**LISTED ENTRIES:**
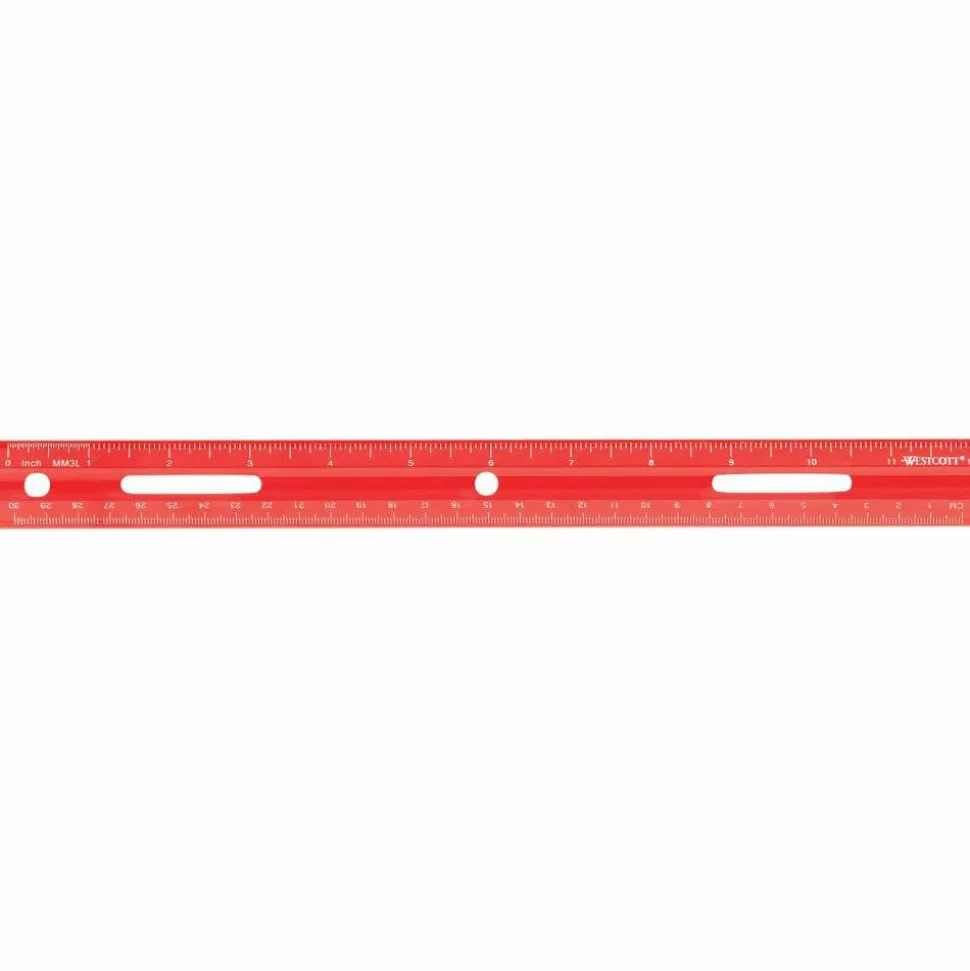 Westcott 12" Plastic Ruler - 12" Length - 1/16 Graduations - Imperial, Metric Measuring System - Plastic - 1 Each - Assorted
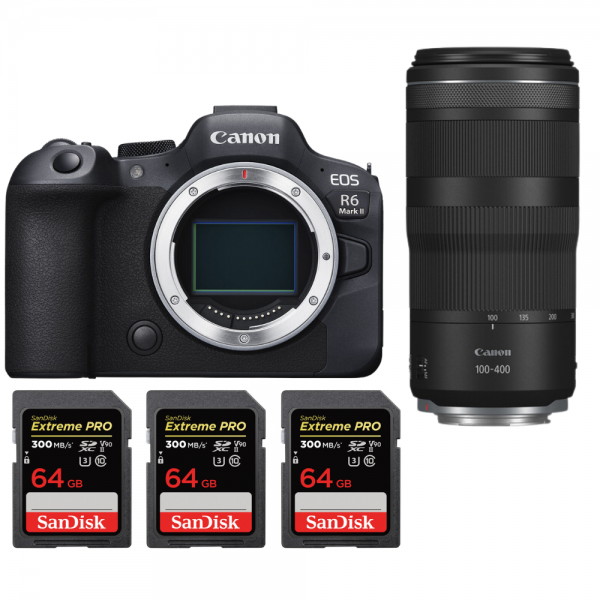 Canon EOS R6 Mark II + RF 100-400mm f/5.6-8 IS USM + 3 SanDisk 64GB Extreme PRO UHS-II SDXC 300 MB/s-1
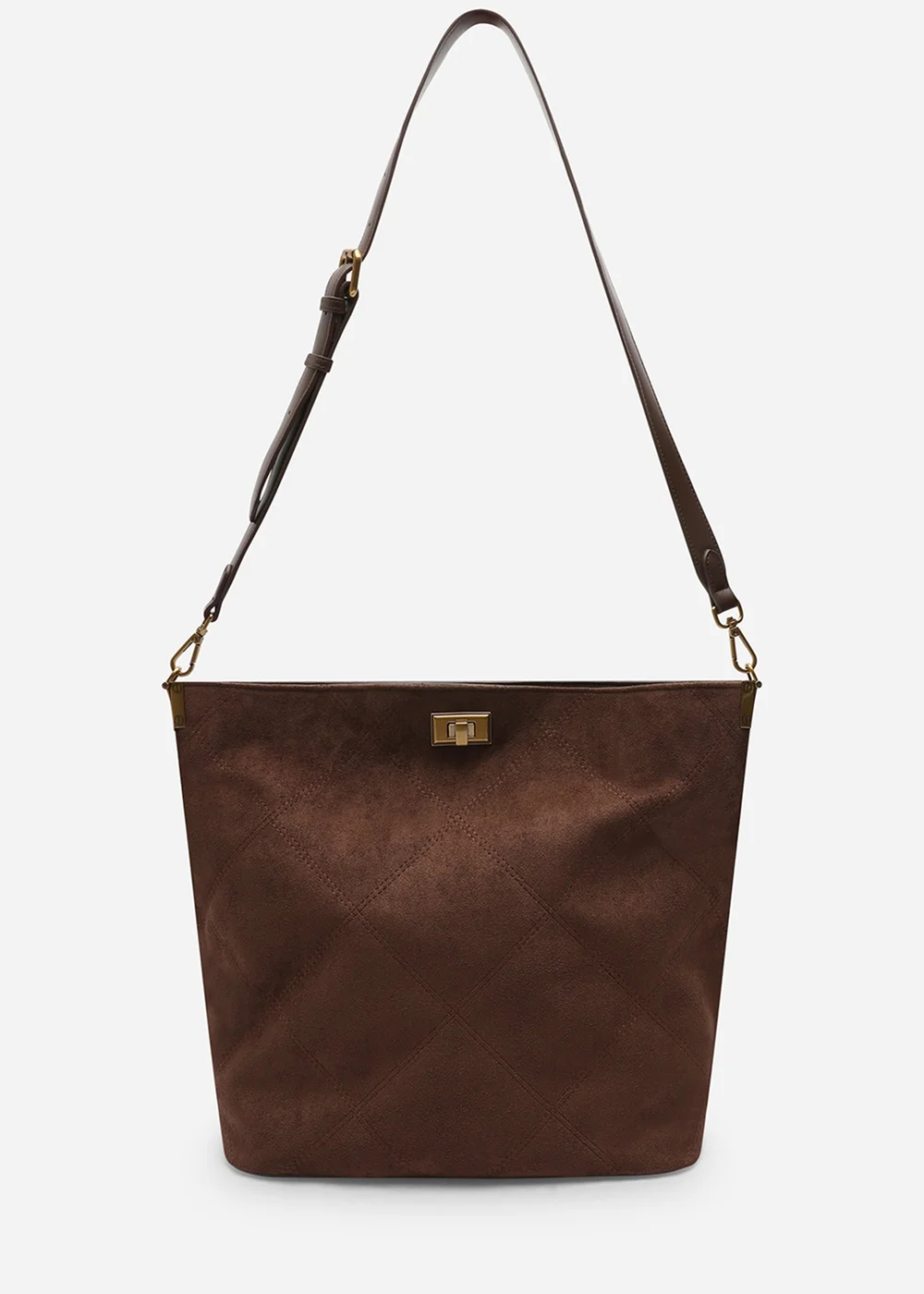 Where's That From Womens Fern Brown Faux Suede Shoulder Bag with Turn Lock - One Size Image 1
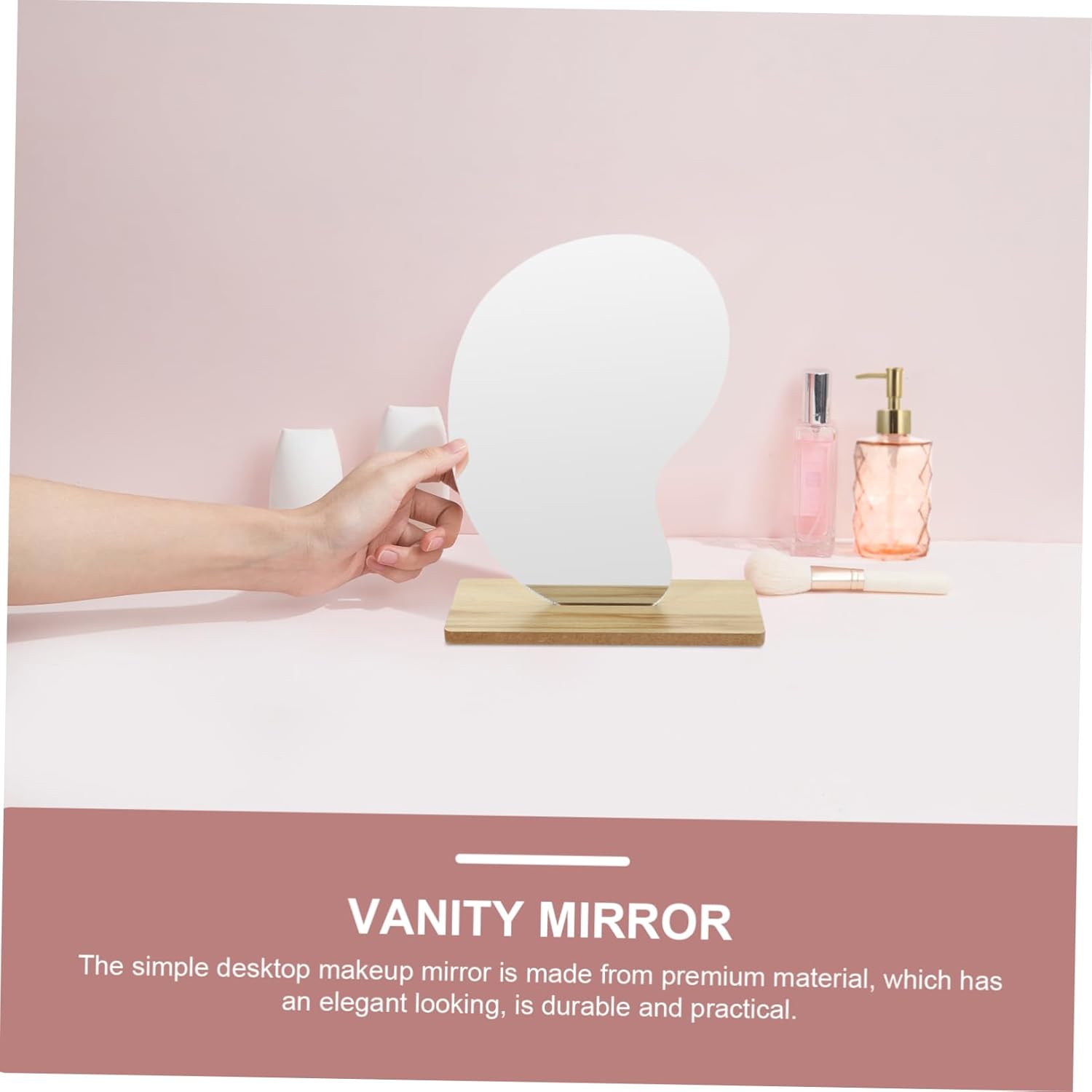 ULTECHNOVO Acrylic Flip Cosmetic Mirror Simple Shape Design Easy to Use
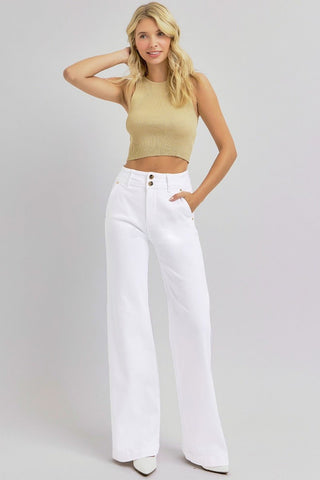 Tummy Control Double Button Wide Leg Jeans by RISEN - A Roese Boutique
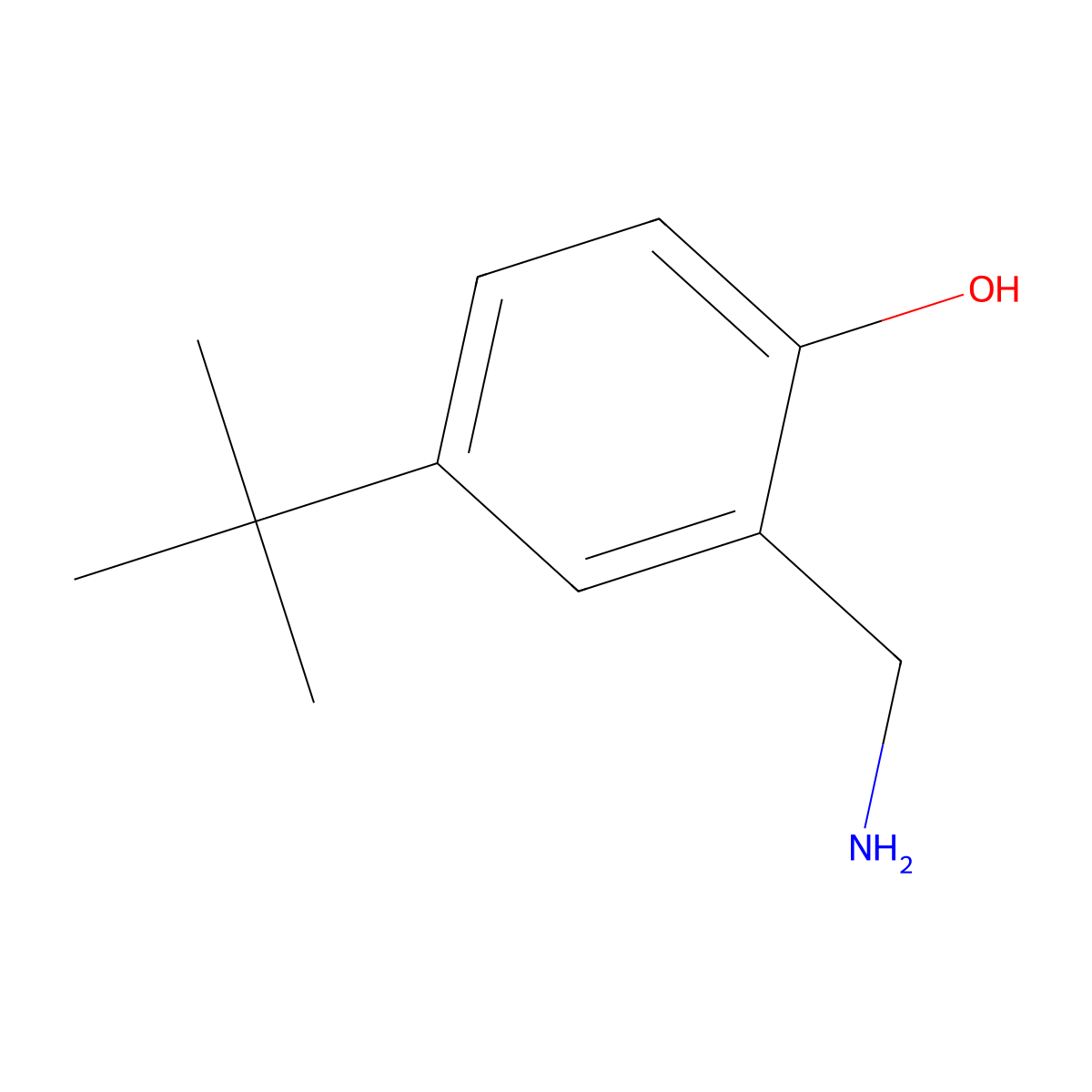 2-(aminomethyl)-4-(1,1-dimethylethyl)-Phenol molecular structure, CAS 81441-06-7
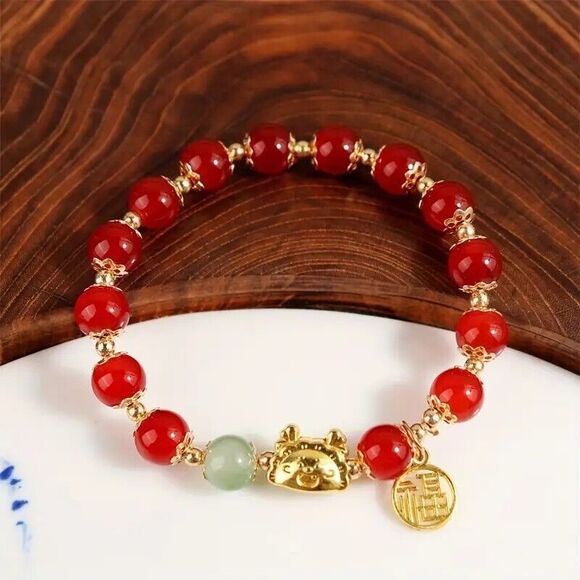 Lucky Dragon Red Bead Bracelet with Synthetic Jade Bead - Picture 2 of 5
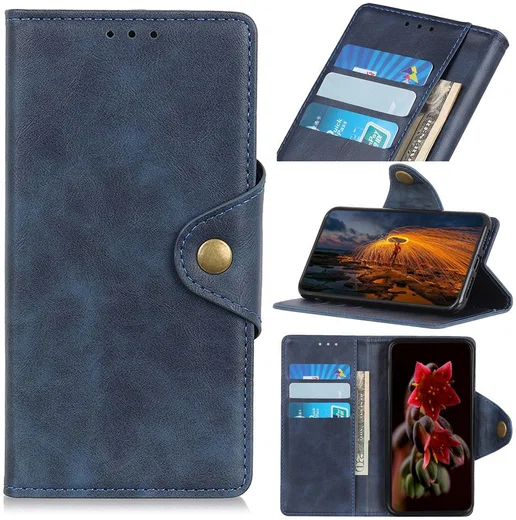 Sony Xperia 5 Vintage Portemonnee Hoesje met Drukknoop Sluiting Blauw afbeelding 1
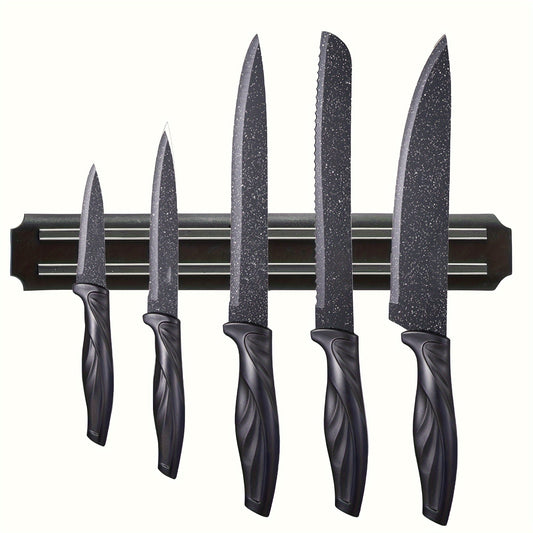 6PCS Kitchen Knife Set with No Drilling Magnetic Strip for Kitchen Black Titanium Small Cooking Knives Sharp Stainless Steel Chef Knife Set for CuttingMeat & Vegetable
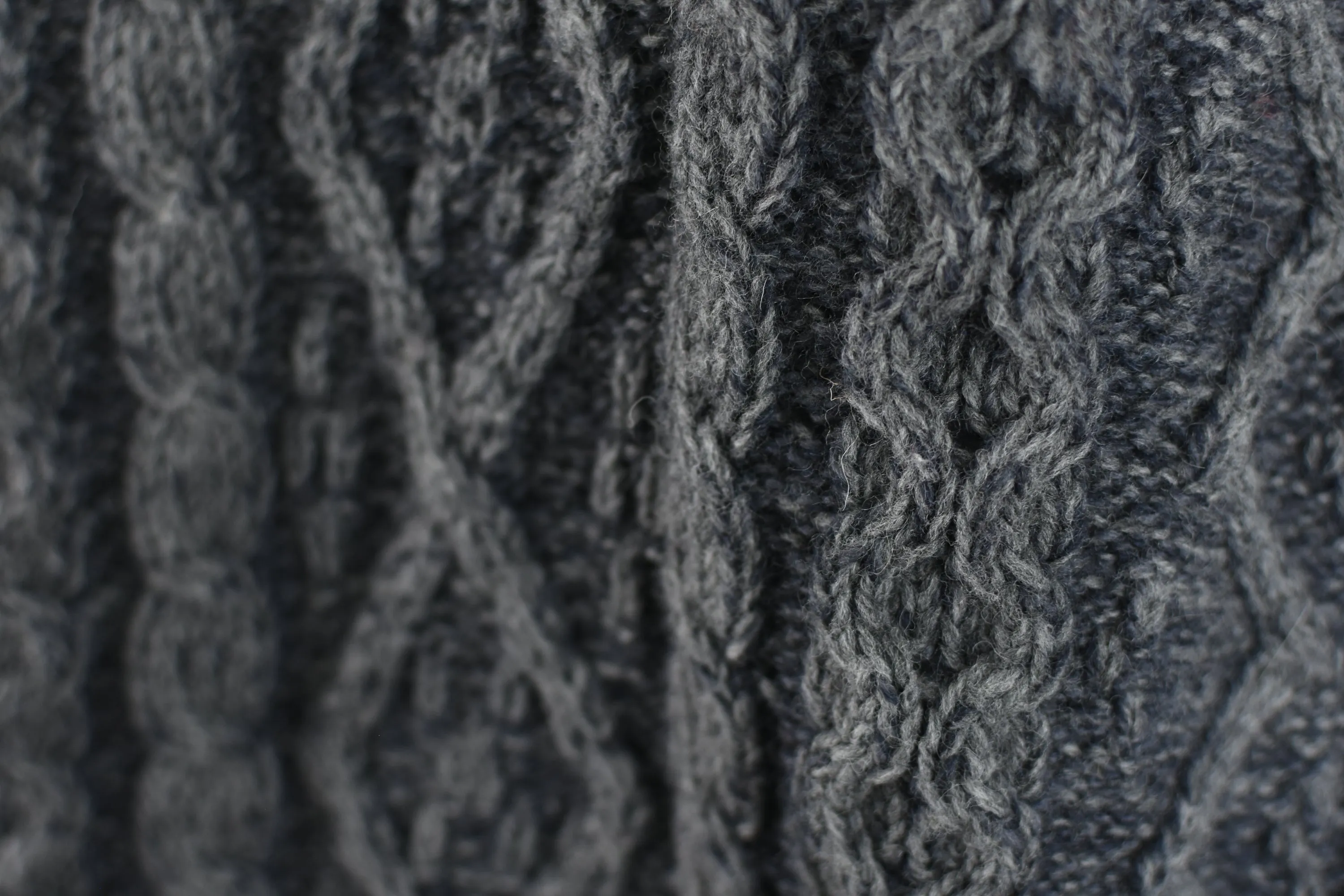 Gray Merino Wool Fisherman Knit Sweater Unisex Small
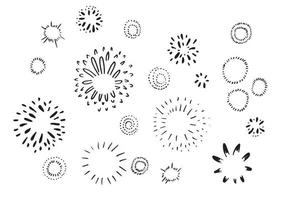 set di doodle starburst isolato su sfondo bianco disegnato a mano da sunburst. elementi di design. illustrazione vettoriale. vettore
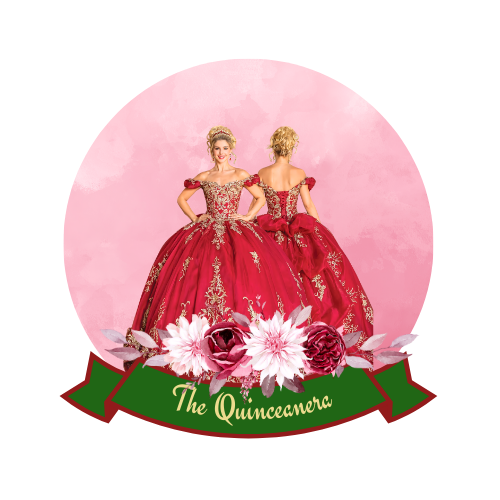 Burgundy Floral & Gold Quinceanera Theme Cake Topper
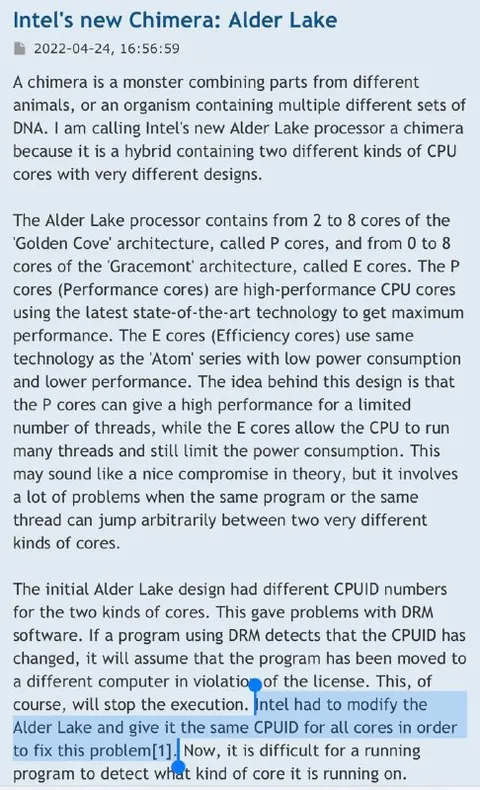 Intel Alder Lake DRM Moment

**WORK REQUEST:** Give back exactly the lines from the one containing "set di doodle" through the last line above, both included, and none of the pictures.

**RESPONSE AREA:**
 set di doodle starburst isolato su sfondo bianco disegnato a mano da sunburst. elementi di design. illustrazione vettoriale. vettore
 Burgundy Floral & Gold Quinceanera Theme Cake Topper
 Intel Alder Lake DRM Moment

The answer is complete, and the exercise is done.